_SUPPLIED DATA_

● ● ● ● ● ● ●

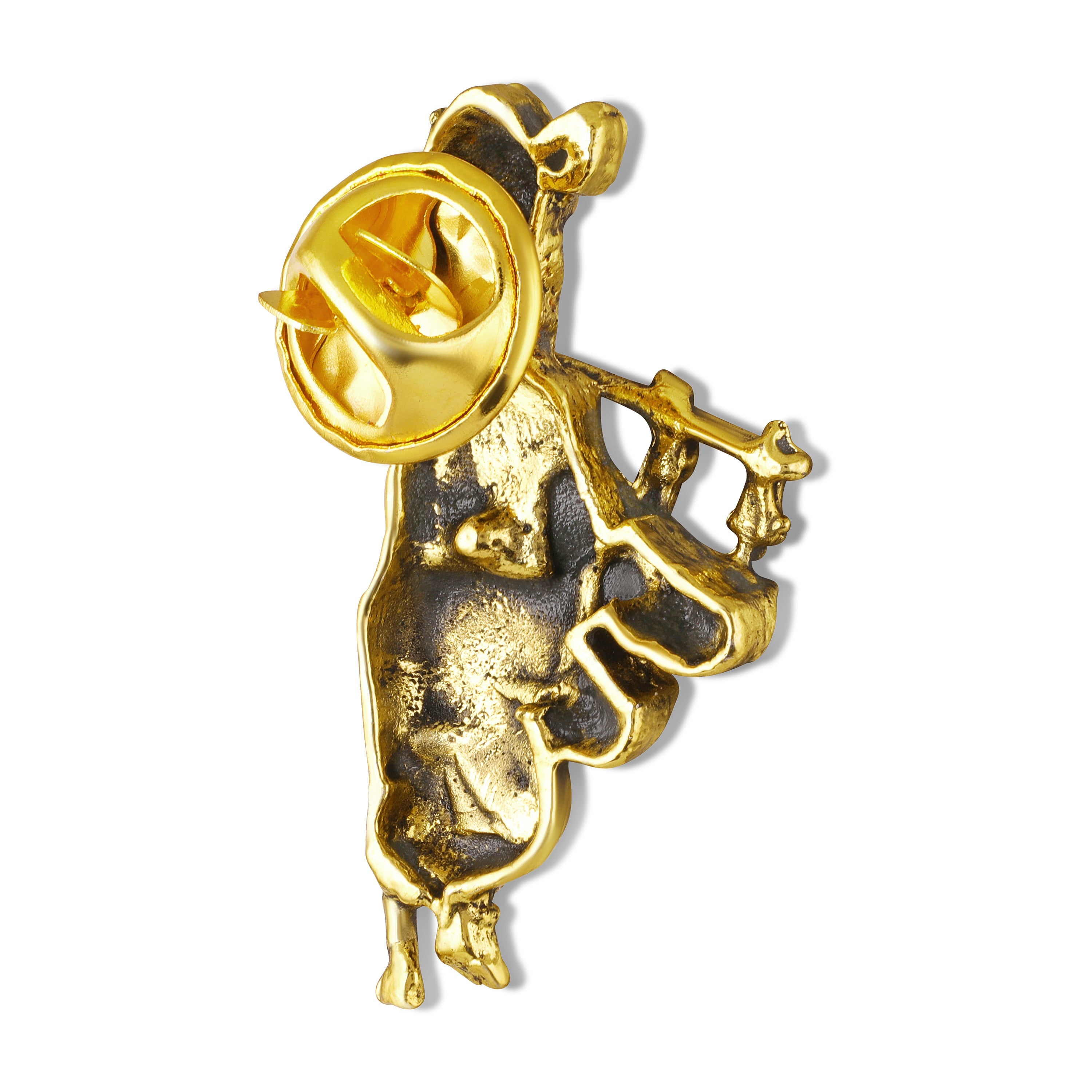 Mahi Divine Lord Krishna Flute Design Antique Gold Plated Unisex Brooch Pin | Ethnic Lapel Pin for Blazer, Kurta, Saree & Dupatta | Traditional Indian Jewelry (BP1101247G)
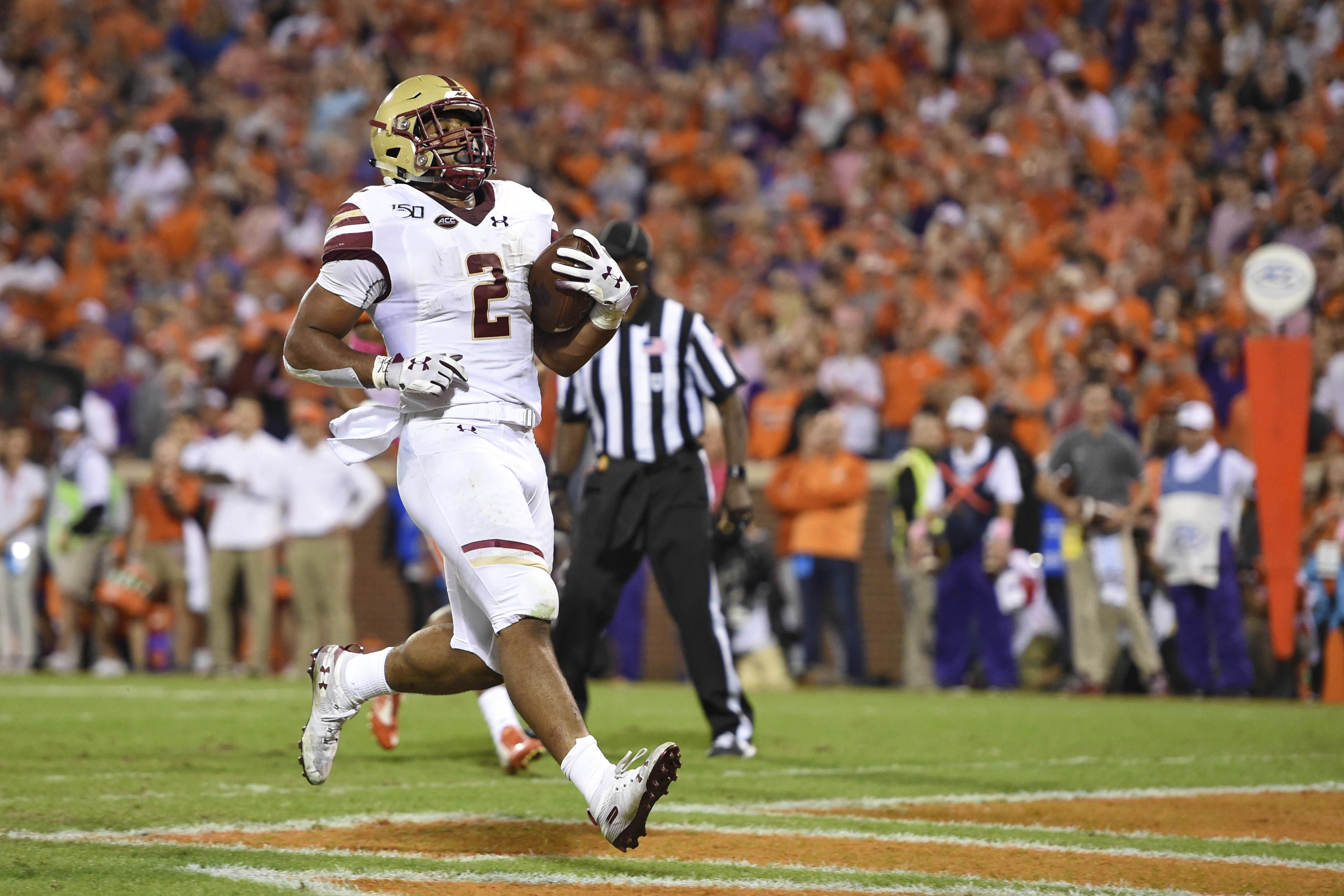 Boston College's AJ Dillon runs in for a touchdown during the first half against Clemson on Oct. 26. Richard Shiro | AP Boston College's AJ Dillon runs in for a touchdown during the first half against Clemson on Oct. 26. Richard Shiro | AP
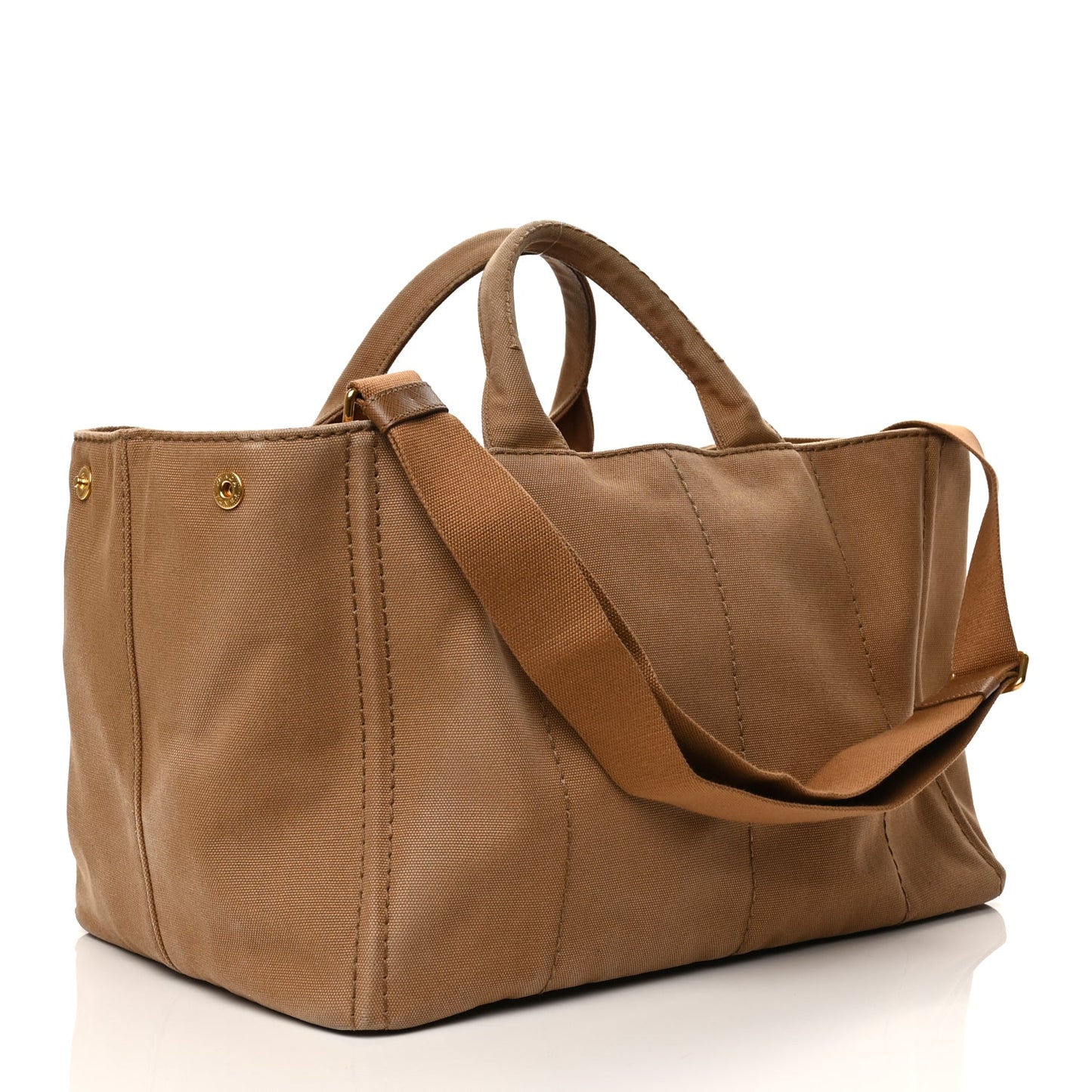Prada Canapa Large Logo Tote Tabacco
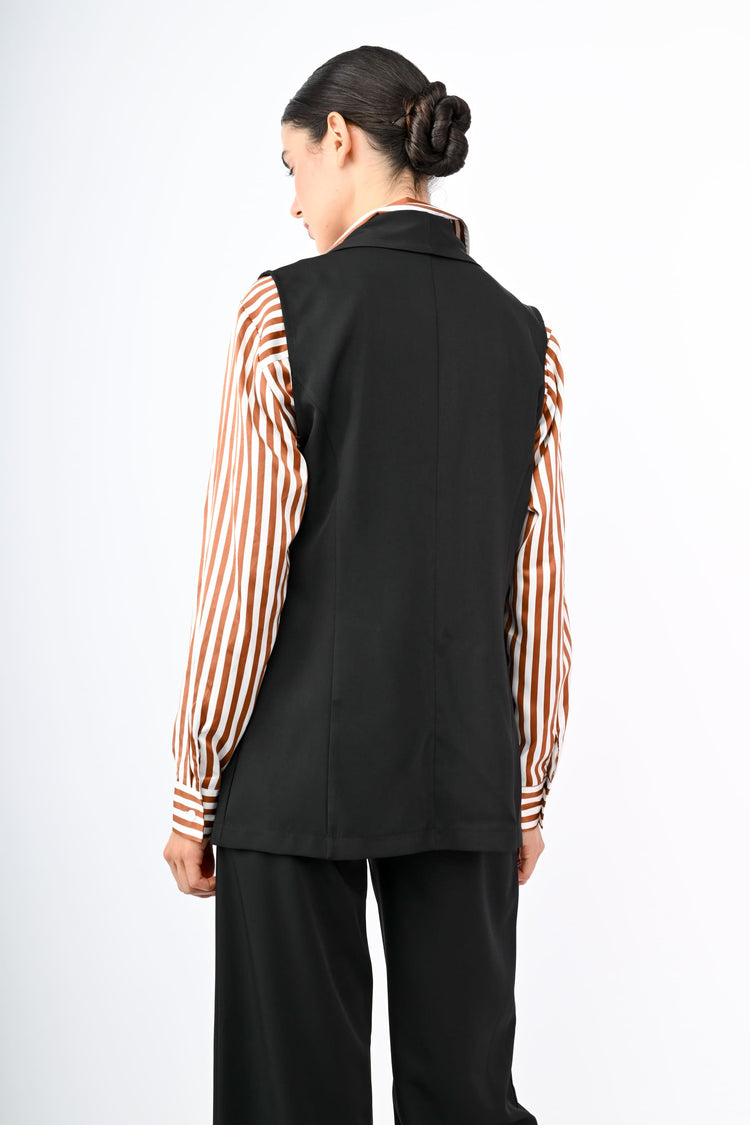 Gilet lungo con revers a scialle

● ● ● ● ● ● ●

_WORK TO COMPLETE_
Write out the data once more exactly, omitting the pictures.

_WRITTEN RESPONSE_
 Mahi Divine Lord Krishna Flute Design Antique Gold Plated Unisex Brooch Pin | Ethnic Lapel Pin for Blazer, Kurta, Saree & Dupatta | Traditional Indian Jewelry (BP1101247G)
 Boston College's AJ Dillon runs in for a touchdown during the first half against Clemson on Oct. 26. Richard Shiro | AP Boston College's AJ Dillon runs in for a touchdown during the first half against Clemson on Oct. 26. Richard Shiro | AP
Prada Canapa Large Logo Tote Tabacco
 Gilet lungo con revers a scialle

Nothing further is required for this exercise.